== Task prompt ==
Every picture is to be removed, and all the data is to be copied exactly.

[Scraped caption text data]
======

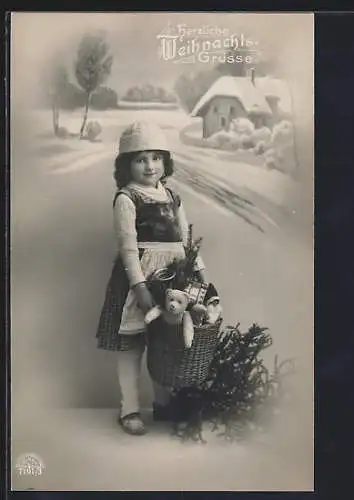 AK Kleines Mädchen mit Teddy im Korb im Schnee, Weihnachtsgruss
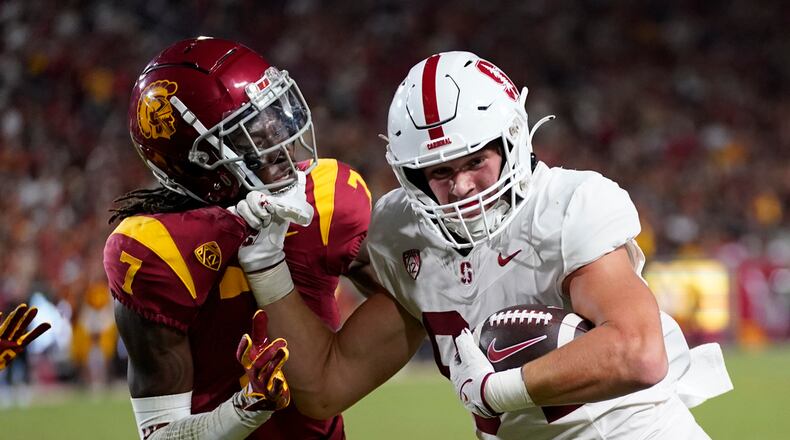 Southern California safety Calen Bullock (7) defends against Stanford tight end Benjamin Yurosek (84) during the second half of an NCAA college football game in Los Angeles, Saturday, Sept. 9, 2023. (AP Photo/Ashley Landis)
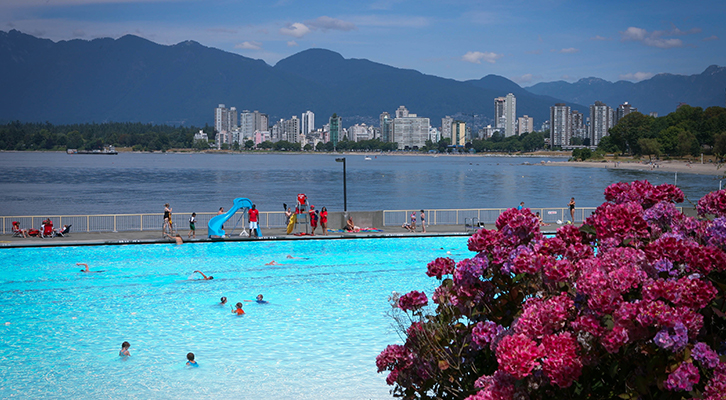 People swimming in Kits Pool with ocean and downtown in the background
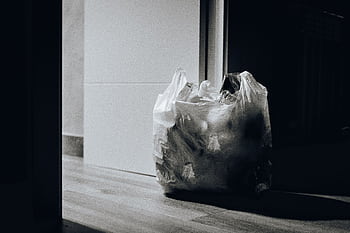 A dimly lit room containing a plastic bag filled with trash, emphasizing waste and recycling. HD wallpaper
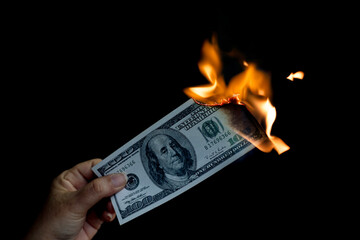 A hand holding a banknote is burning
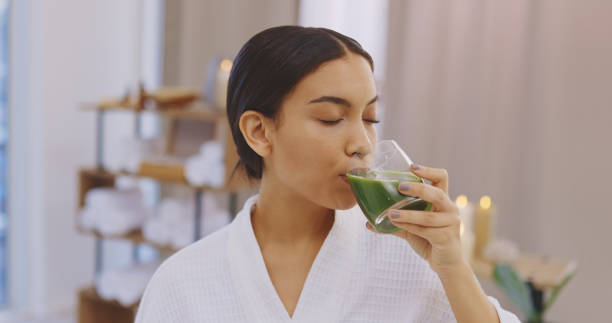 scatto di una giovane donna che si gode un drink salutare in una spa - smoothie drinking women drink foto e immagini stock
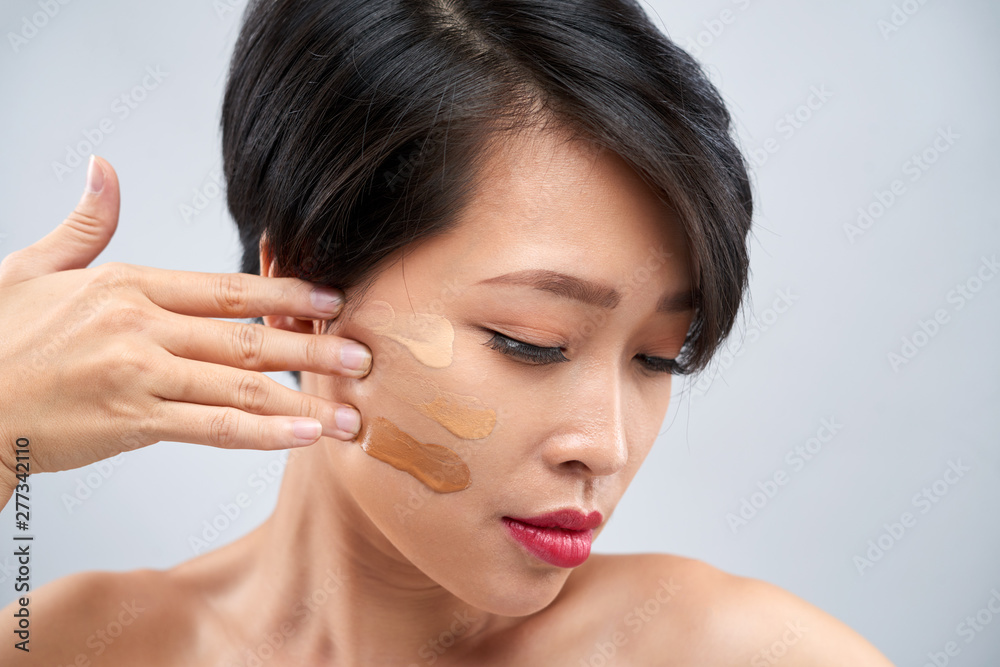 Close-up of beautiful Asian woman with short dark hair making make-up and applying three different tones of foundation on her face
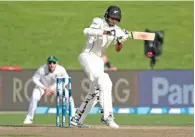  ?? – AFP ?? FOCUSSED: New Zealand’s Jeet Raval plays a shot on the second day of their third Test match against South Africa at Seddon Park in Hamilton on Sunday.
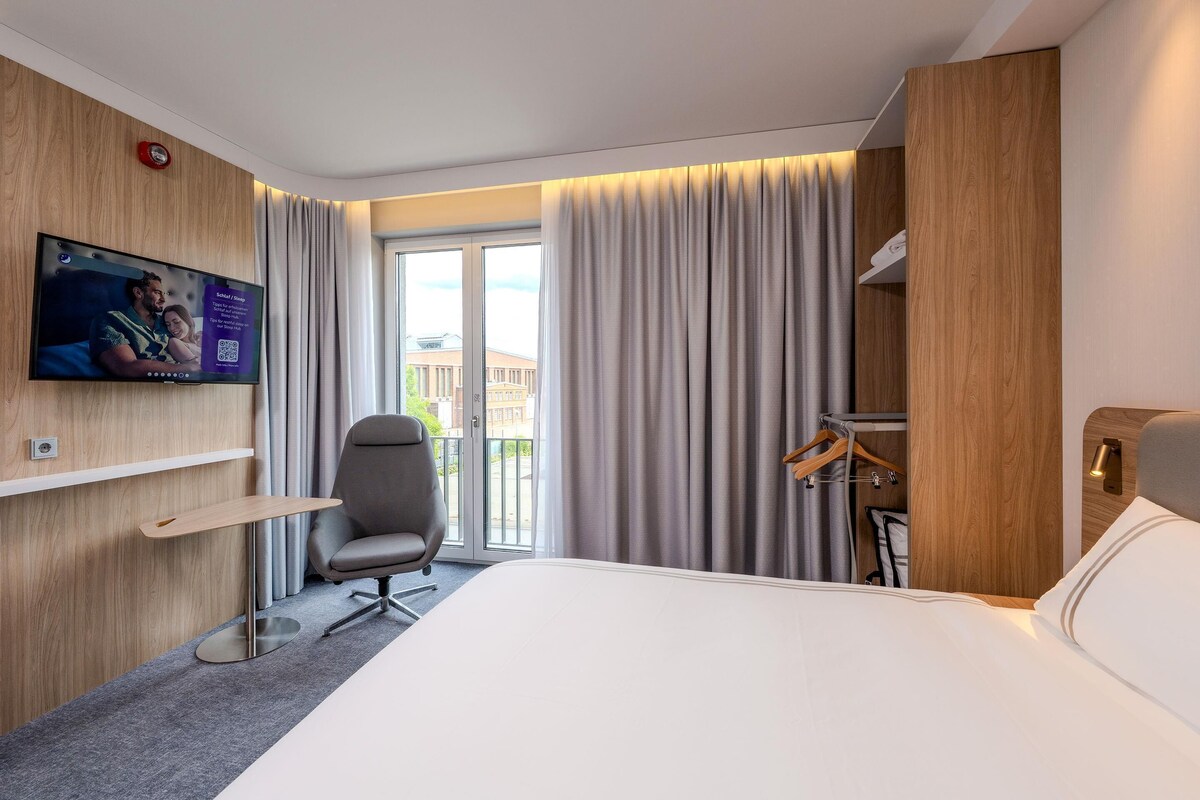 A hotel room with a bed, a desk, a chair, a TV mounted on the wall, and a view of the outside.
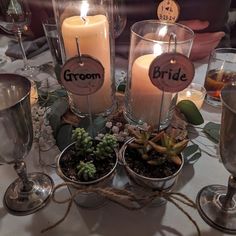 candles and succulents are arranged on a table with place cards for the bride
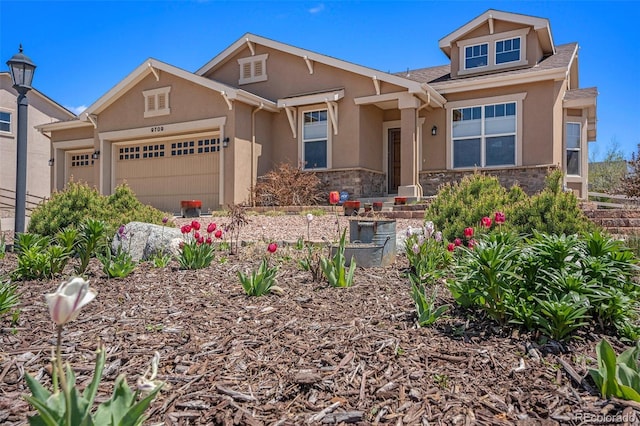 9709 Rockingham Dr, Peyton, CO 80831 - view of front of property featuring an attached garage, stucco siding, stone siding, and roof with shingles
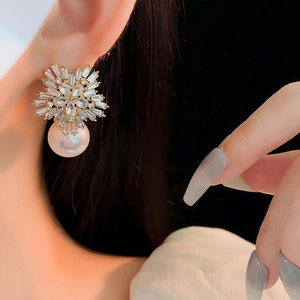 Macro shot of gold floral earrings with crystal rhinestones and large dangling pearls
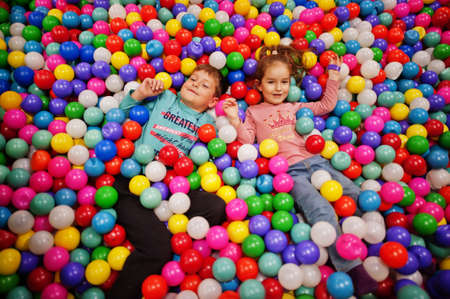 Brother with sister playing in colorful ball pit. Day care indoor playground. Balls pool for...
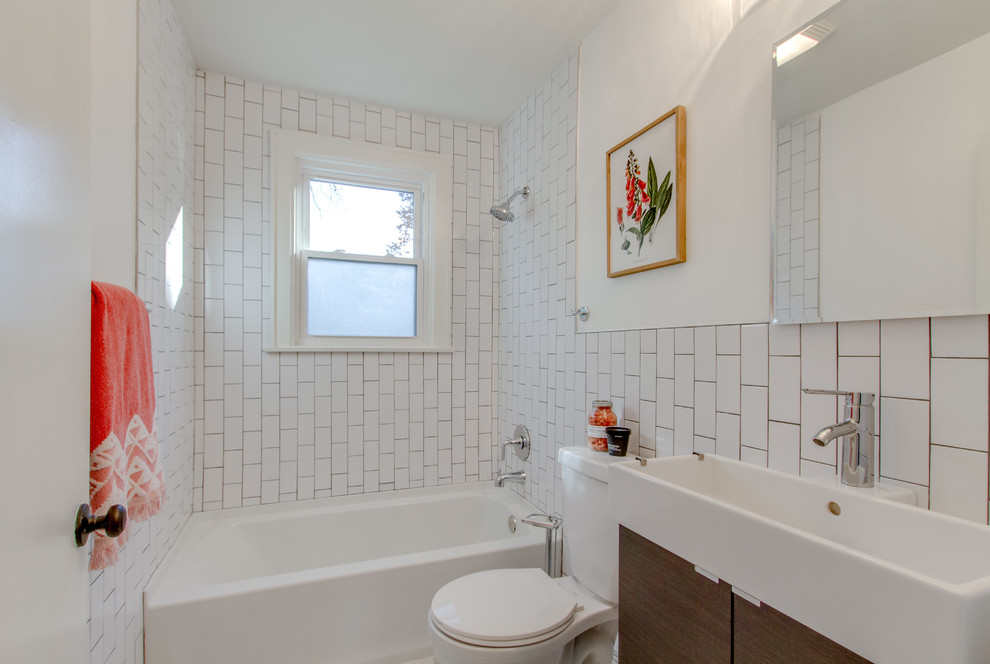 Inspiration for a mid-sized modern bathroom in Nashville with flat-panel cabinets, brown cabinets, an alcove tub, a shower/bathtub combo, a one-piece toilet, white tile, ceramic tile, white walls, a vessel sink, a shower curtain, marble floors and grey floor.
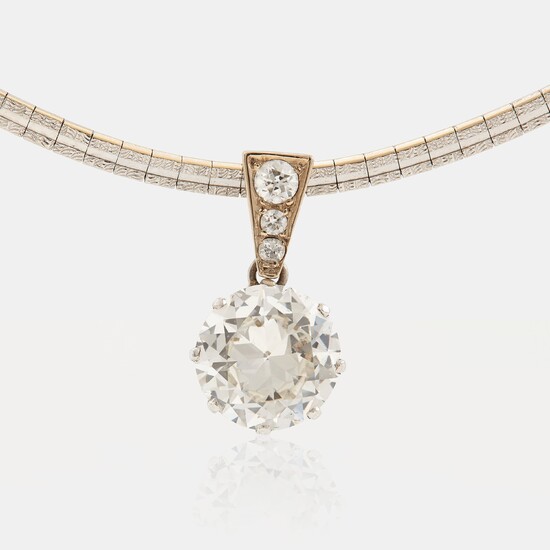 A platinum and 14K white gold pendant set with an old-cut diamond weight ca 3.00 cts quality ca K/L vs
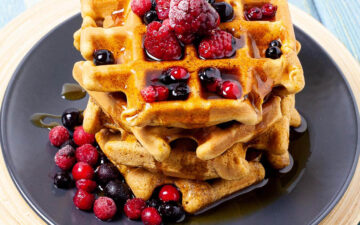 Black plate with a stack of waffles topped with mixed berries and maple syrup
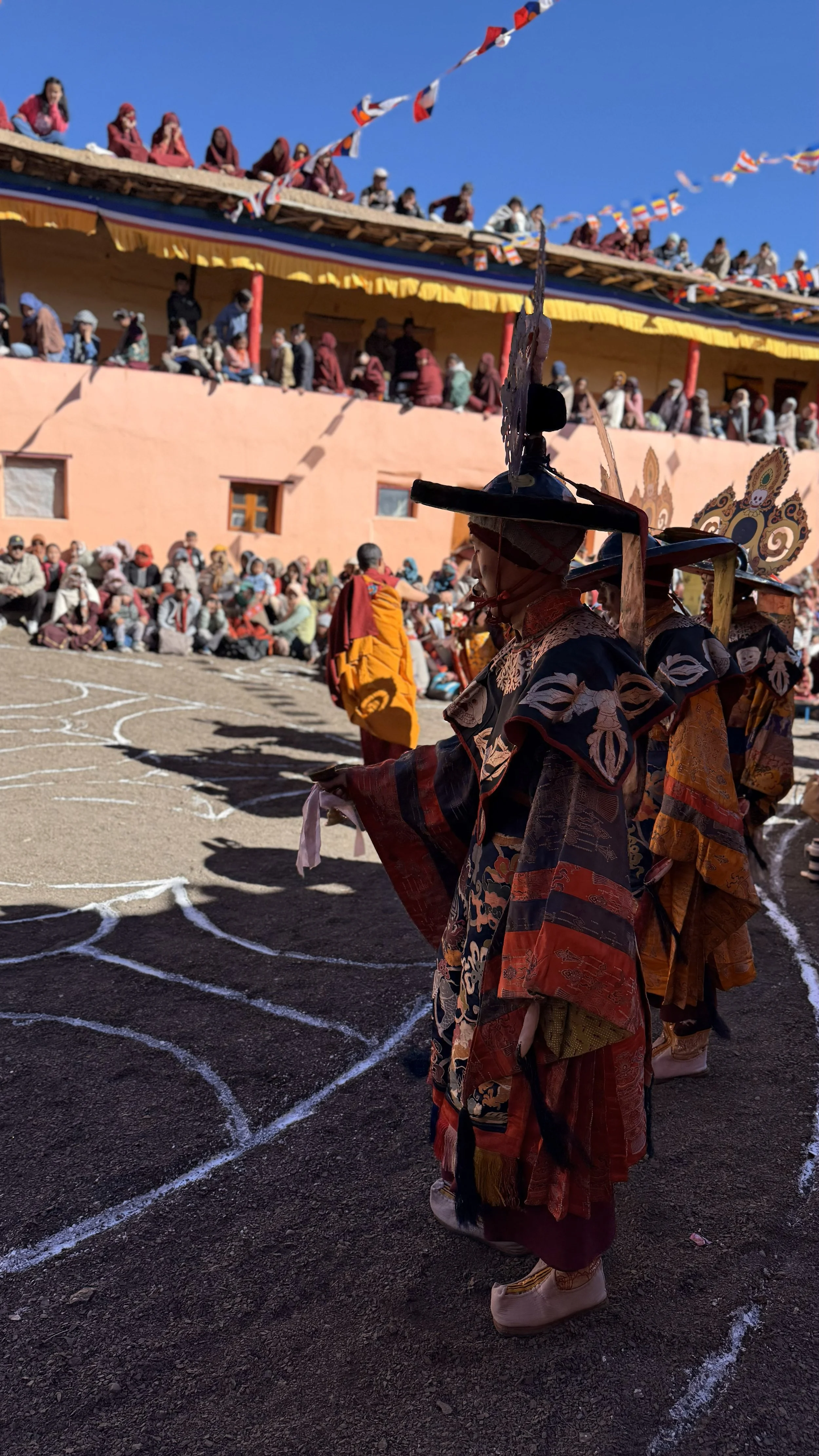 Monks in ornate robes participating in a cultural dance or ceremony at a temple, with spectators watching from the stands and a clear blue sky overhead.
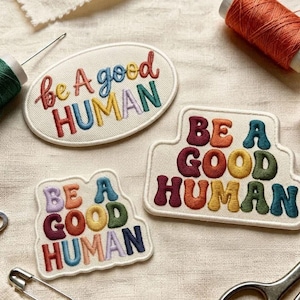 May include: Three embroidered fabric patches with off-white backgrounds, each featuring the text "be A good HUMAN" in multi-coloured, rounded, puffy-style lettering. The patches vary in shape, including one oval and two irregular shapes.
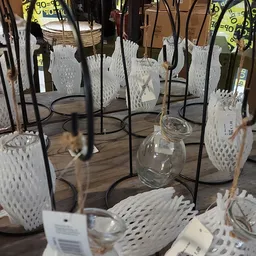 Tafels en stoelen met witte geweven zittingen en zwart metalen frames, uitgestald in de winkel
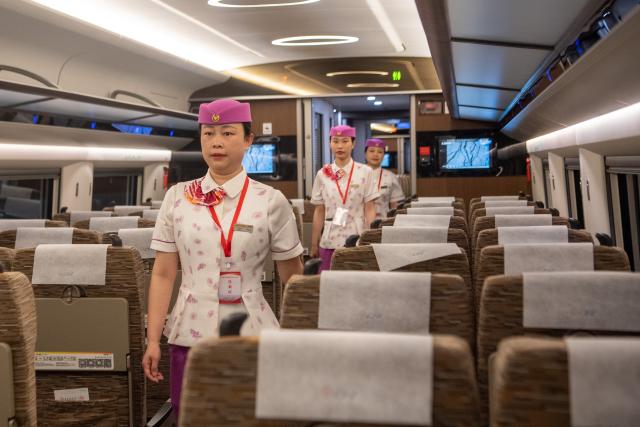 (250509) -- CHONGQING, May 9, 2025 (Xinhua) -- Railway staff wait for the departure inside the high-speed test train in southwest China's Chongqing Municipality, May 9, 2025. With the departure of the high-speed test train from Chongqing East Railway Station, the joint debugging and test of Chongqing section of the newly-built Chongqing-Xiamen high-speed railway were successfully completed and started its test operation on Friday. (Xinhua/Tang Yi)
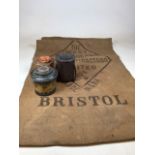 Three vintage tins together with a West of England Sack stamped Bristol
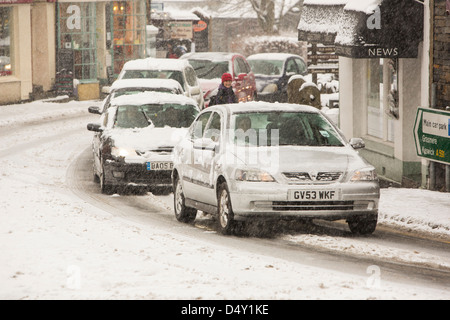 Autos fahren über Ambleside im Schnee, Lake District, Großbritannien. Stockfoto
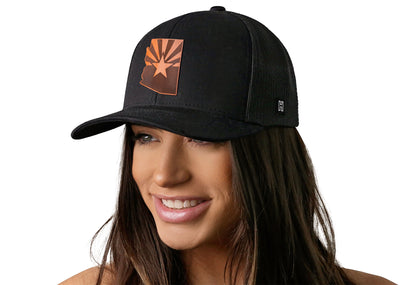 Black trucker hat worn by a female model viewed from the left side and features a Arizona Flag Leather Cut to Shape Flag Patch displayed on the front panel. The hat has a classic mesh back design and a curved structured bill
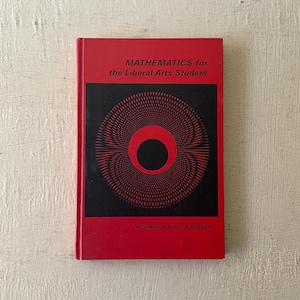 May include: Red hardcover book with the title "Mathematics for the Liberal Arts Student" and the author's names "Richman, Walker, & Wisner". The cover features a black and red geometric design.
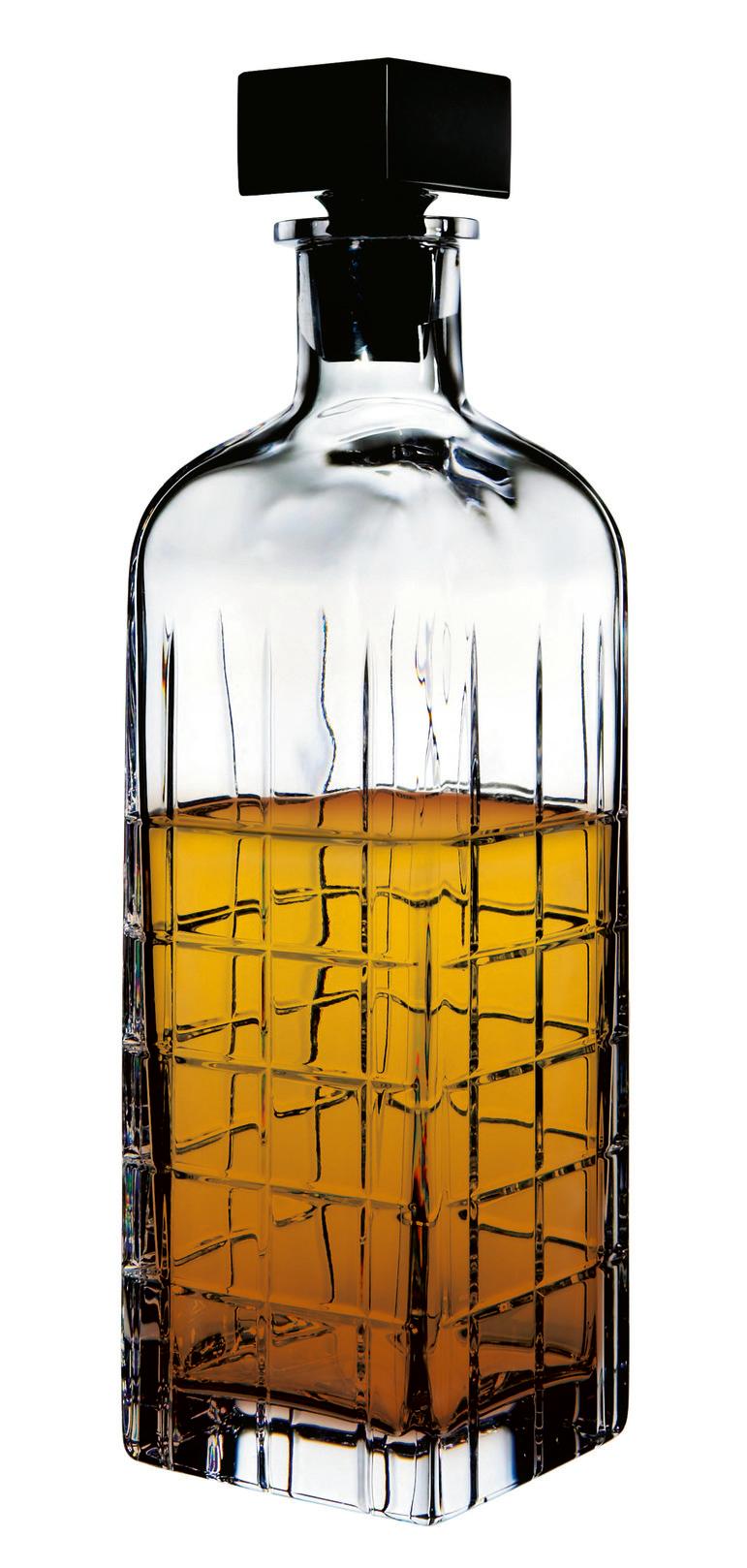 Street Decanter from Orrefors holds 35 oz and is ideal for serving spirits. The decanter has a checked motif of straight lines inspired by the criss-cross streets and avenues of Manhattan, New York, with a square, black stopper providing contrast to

======

== Result of this task ==
 AK Kleines Mädchen mit Teddy im Korb im Schnee, Weihnachtsgruss
 Southern California safety Calen Bullock (7) defends against Stanford tight end Benjamin Yurosek (84) during the second half of an NCAA college football game in Los Angeles, Saturday, Sept. 9, 2023. (AP Photo/Ashley Landis)
 People swimming in Kits Pool with ocean and downtown in the background
 A dimly lit room containing a plastic bag filled with trash, emphasizing waste and recycling. HD wallpaper
 A hand holding a banknote is burning
 scatto di una giovane donna che si gode un drink salutare in una spa - smoothie drinking women drink foto e immagini stock
 Close-up of beautiful Asian woman with short dark hair making make-up and applying three different tones of foundation on her face
  ?? – AFP ?? FOCUSSED: New Zealand’s Jeet Raval plays a shot on the second day of their third Test match against South Africa at Seddon Park in Hamilton on Sunday.
 A hotel room with a bed, a desk, a chair, a TV mounted on the wall, and a view of the outside.
 candles and succulents are arranged on a table with place cards for the bride
 9709 Rockingham Dr, Peyton, CO 80831 - view of front of property featuring an attached garage, stucco siding, stone siding, and roof with shingles
 Macro shot of gold floral earrings with crystal rhinestones and large dangling pearls
 Brother with sister playing in colorful ball pit. Day care indoor playground. Balls pool for...
 Inspiration for a mid-sized modern bathroom in Nashville with flat-panel cabinets, brown cabinets, an alcove tub, a shower/bathtub combo, a one-piece toilet, white tile, ceramic tile, white walls, a vessel sink, a shower curtain, marble floors and grey floor.
 A platinum and 14K white gold pendant set with an old-cut diamond weight ca 3.00 cts quality ca K/L vs
 Black plate with a stack of waffles topped with mixed berries and maple syrup
 Monks in ornate robes participating in a cultural dance or ceremony at a temple, with spectators watching from the stands and a clear blue sky overhead.
 May include: Three embroidered fabric patches with off-white backgrounds, each featuring the text "be A good HUMAN" in multi-coloured, rounded, puffy-style lettering. The patches vary in shape, including one oval and two irregular shapes.
 Tafels en stoelen met witte geweven zittingen en zwart metalen frames, uitgestald in de winkel
 (250509) -- CHONGQING, May 9, 2025 (Xinhua) -- Railway staff wait for the departure inside the high-speed test train in southwest China's Chongqing Municipality, May 9, 2025. With the departure of the high-speed test train from Chongqing East Railway Station, the joint debugging and test of Chongqing section of the newly-built Chongqing-Xiamen high-speed railway were successfully completed and started its test operation on Friday. (Xinhua/Tang Yi)
 Three vintage tins together with a West of England Sack stamped Bristol
 Autos fahren über Ambleside im Schnee, Lake District, Großbritannien. Stockfoto
 Black trucker hat worn by a female model viewed from the left side and features a Arizona Flag Leather Cut to Shape Flag Patch displayed on the front panel. The hat has a classic mesh back design and a curved structured bill
 May include: Red hardcover book with the title "Mathematics for the Liberal Arts Student" and the author's names "Richman, Walker, & Wisner". The cover features a black and red geometric design.
 Street Decanter from Orrefors holds 35 oz and is ideal for serving spirits. The decanter has a checked motif of straight lines inspired by the criss-cross streets and avenues of Manhattan, New York, with a square, black stopper providing contrast to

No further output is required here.